Activity
Only the lines from the one holding "1 Vibrant Diwali" through the end of the records below are to be reproduced exactly, and pictures are to be omitted.

[Data supplied — start]

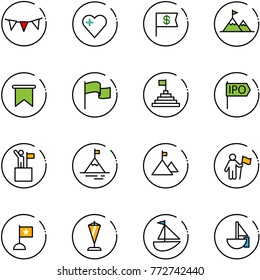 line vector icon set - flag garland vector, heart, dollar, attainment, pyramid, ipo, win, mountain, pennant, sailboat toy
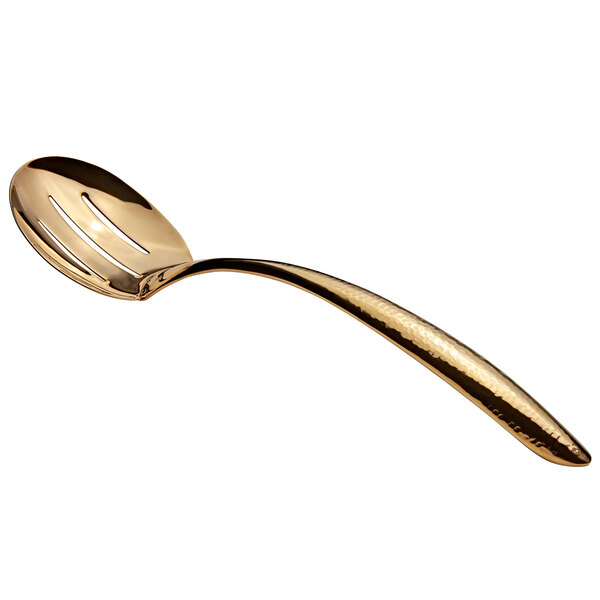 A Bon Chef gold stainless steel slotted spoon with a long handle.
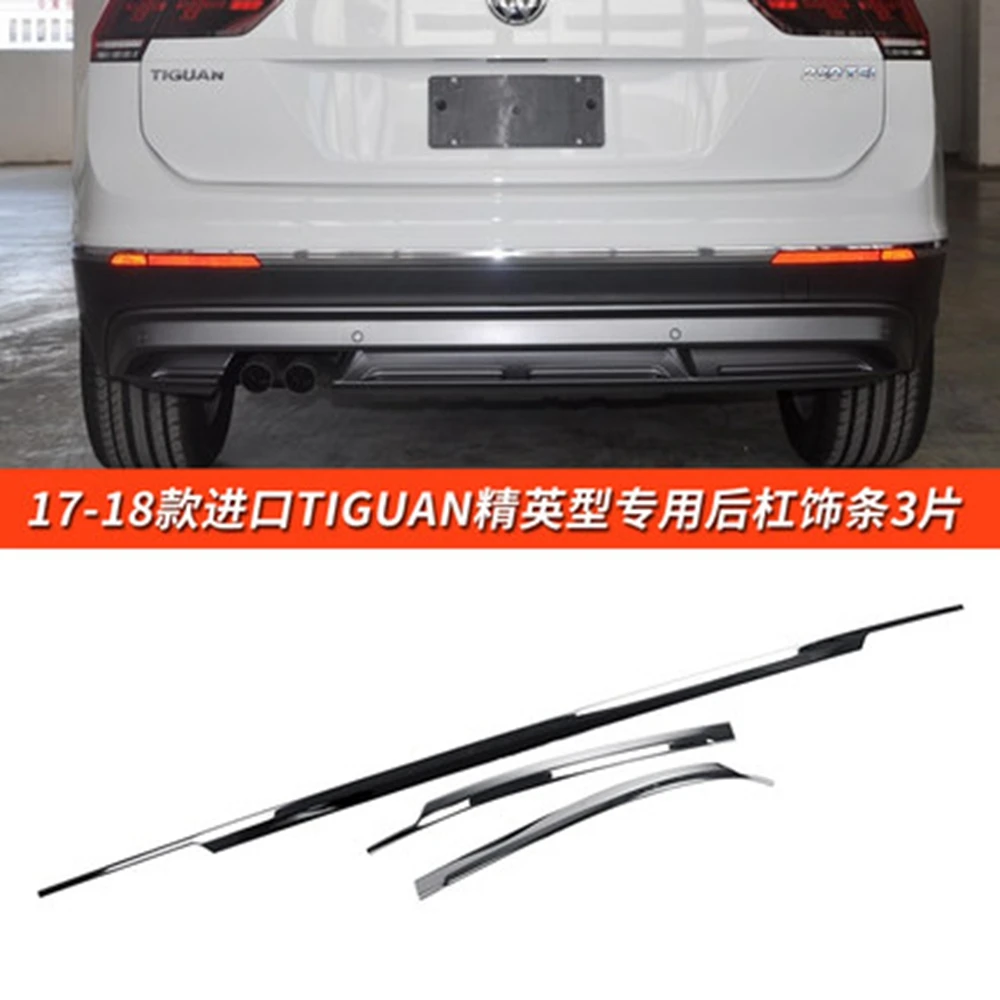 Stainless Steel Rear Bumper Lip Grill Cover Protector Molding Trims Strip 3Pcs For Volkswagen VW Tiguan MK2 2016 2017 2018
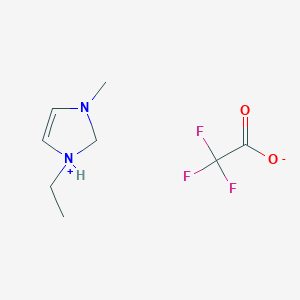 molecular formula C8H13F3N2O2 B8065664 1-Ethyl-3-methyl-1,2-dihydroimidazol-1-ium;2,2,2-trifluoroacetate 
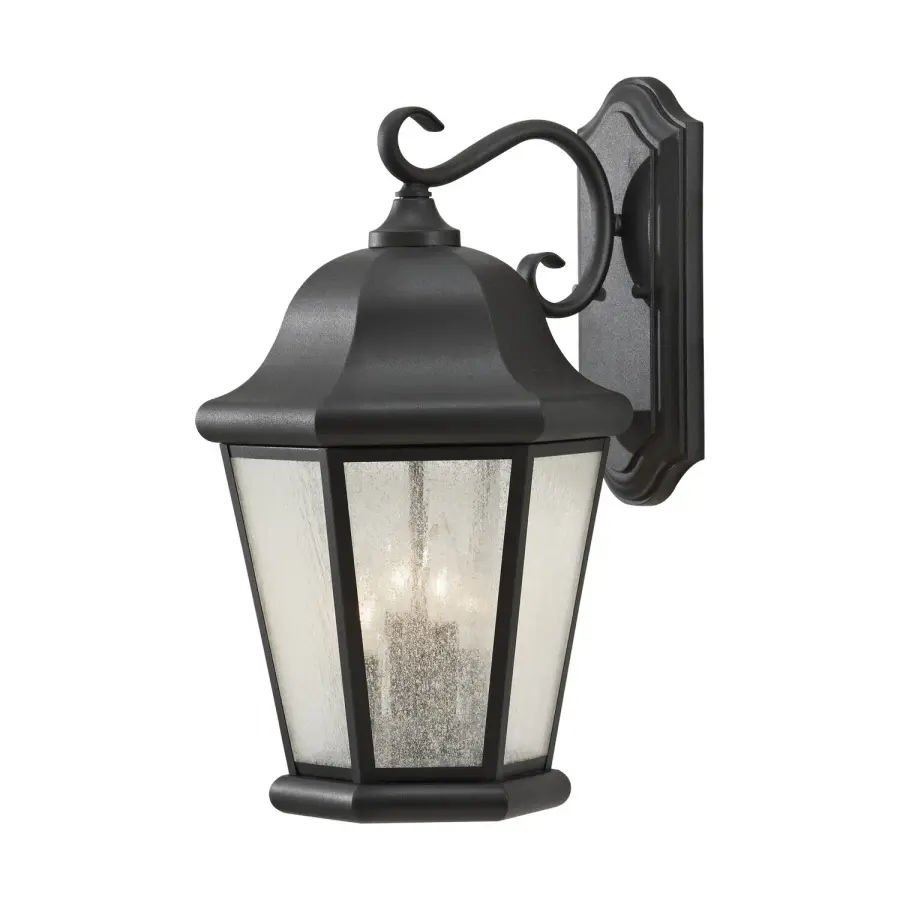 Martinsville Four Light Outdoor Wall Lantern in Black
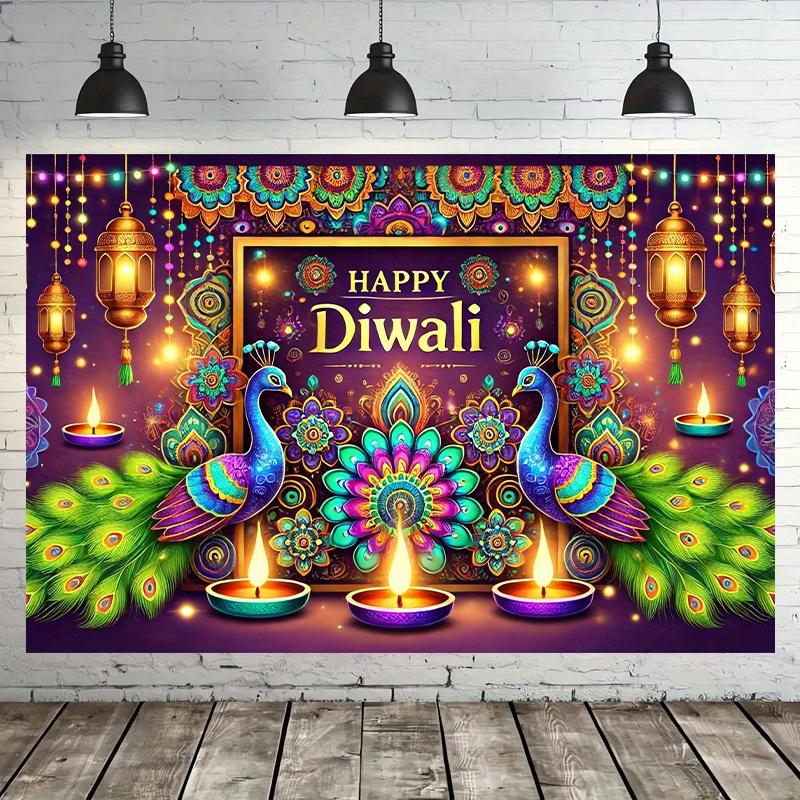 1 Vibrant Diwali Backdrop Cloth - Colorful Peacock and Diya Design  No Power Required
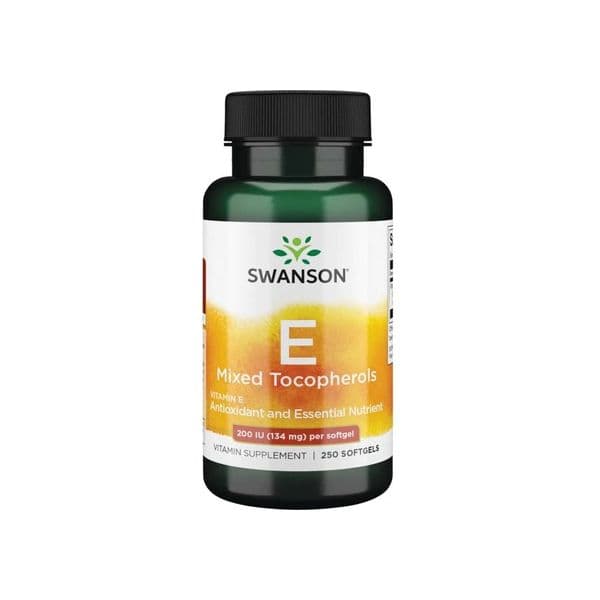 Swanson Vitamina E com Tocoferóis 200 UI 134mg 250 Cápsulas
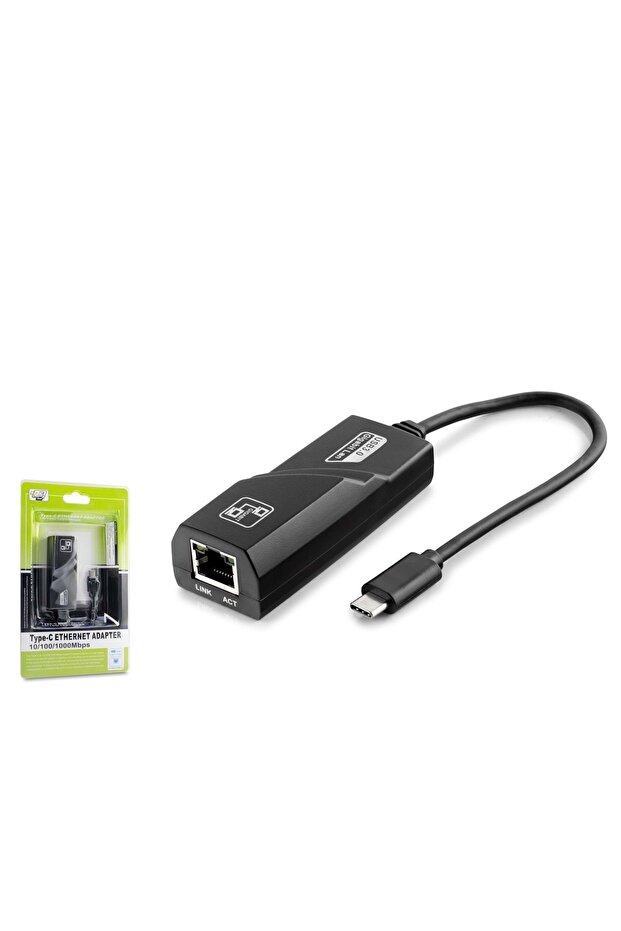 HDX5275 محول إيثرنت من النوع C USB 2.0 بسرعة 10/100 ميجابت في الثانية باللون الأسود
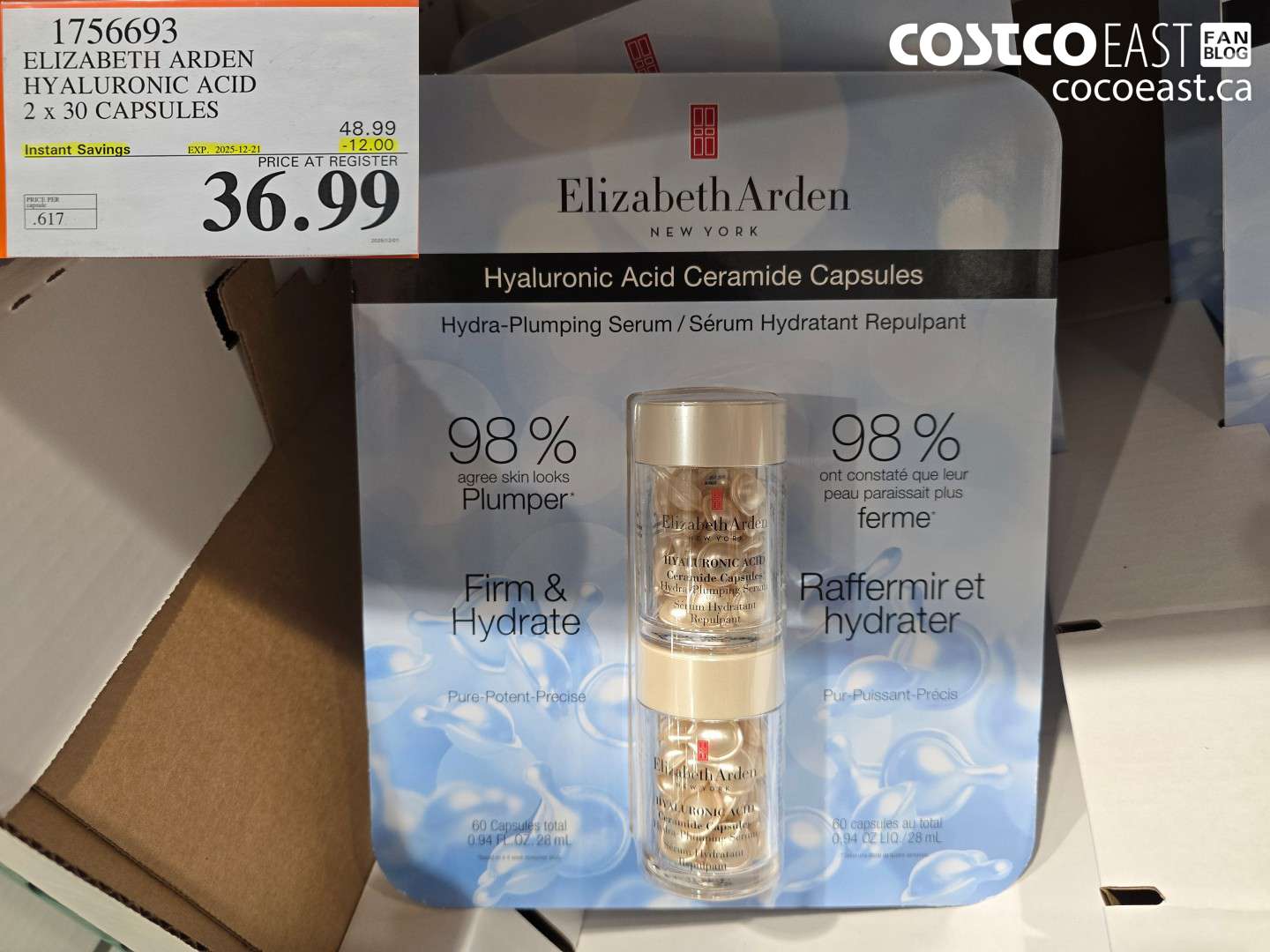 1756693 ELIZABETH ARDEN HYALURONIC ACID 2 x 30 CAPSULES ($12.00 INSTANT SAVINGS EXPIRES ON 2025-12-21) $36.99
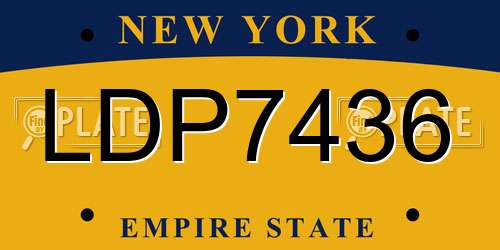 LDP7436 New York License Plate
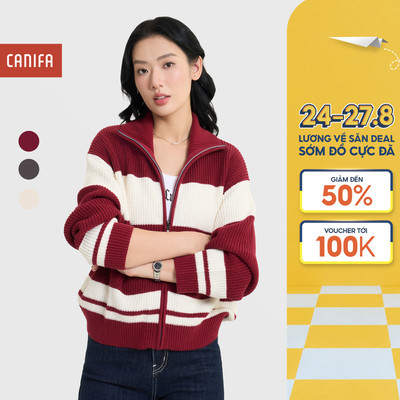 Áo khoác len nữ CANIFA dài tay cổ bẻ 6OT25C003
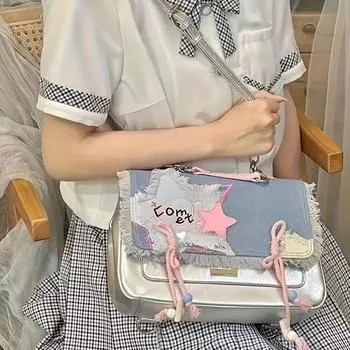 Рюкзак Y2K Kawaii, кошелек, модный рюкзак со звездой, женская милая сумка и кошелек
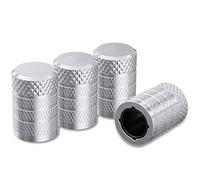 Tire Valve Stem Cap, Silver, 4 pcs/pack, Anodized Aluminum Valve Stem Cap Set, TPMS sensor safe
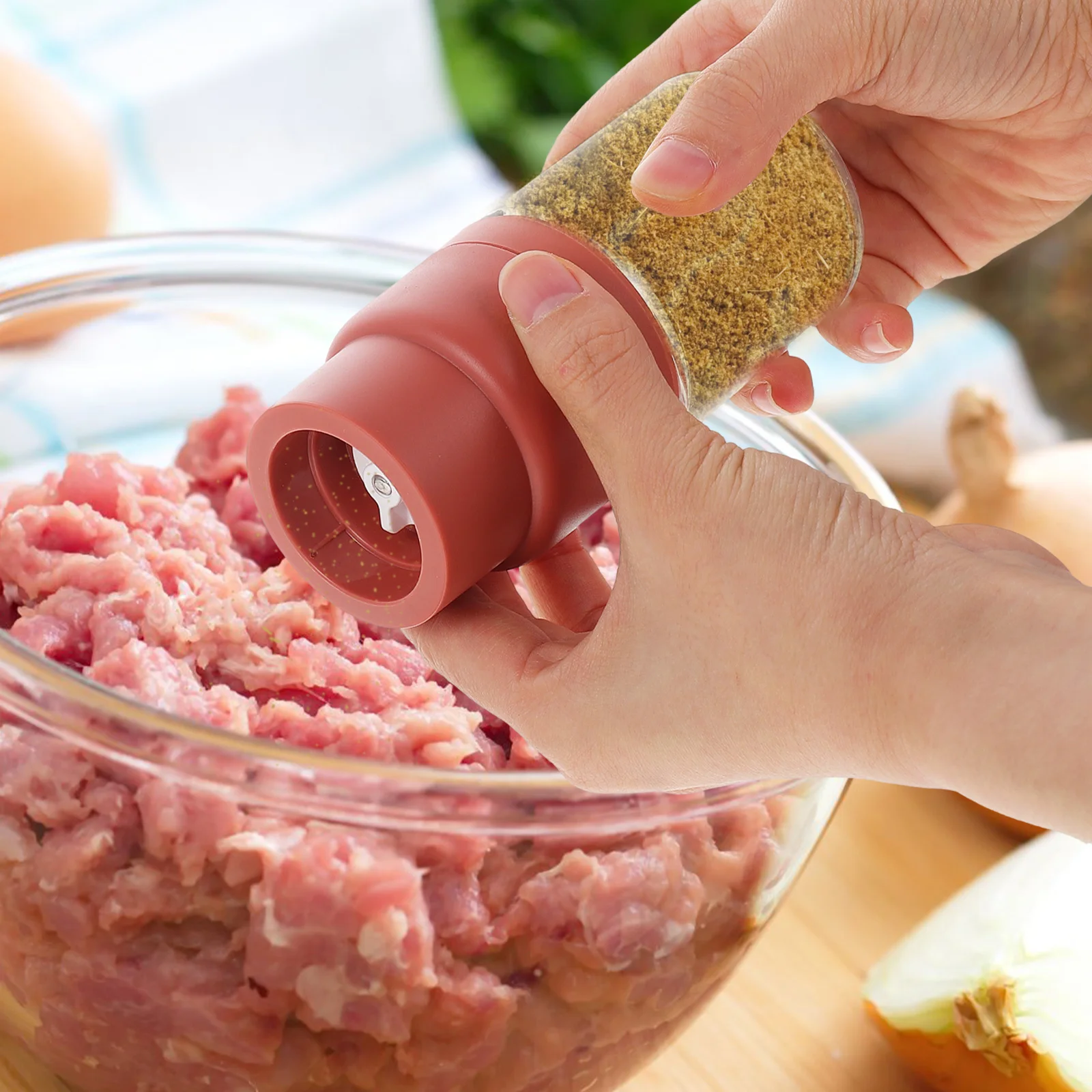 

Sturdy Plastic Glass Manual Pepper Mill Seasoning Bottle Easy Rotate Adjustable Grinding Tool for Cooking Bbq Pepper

[Data supplied — finish]

Response for this exercise
 1 Vibrant Diwali Backdrop Cloth - Colorful Peacock and Diya Design  No Power Required
 Swanson Vitamina E com Tocoferóis 200 UI 134mg 250 Cápsulas
 HDX5275 محول إيثرنت من النوع C USB 2.0 بسرعة 10/100 ميجابت في الثانية باللون الأسود
 1756693 ELIZABETH ARDEN HYALURONIC ACID 2 x 30 CAPSULES ($12.00 INSTANT SAVINGS EXPIRES ON 2025-12-21) $36.99
 LDP7436 New York License Plate
 Áo khoác len nữ CANIFA dài tay cổ bẻ 6OT25C003
 Рюкзак Y2K Kawaii, кошелек, модный рюкзак со звездой, женская милая сумка и кошелек
 Tire Valve Stem Cap, Silver, 4 pcs/pack, Anodized Aluminum Valve Stem Cap Set, TPMS sensor safe

Sturdy Plastic Glass Manual Pepper Mill Seasoning Bottle Easy Rotate Adjustable Grinding Tool for Cooking Bbq Pepper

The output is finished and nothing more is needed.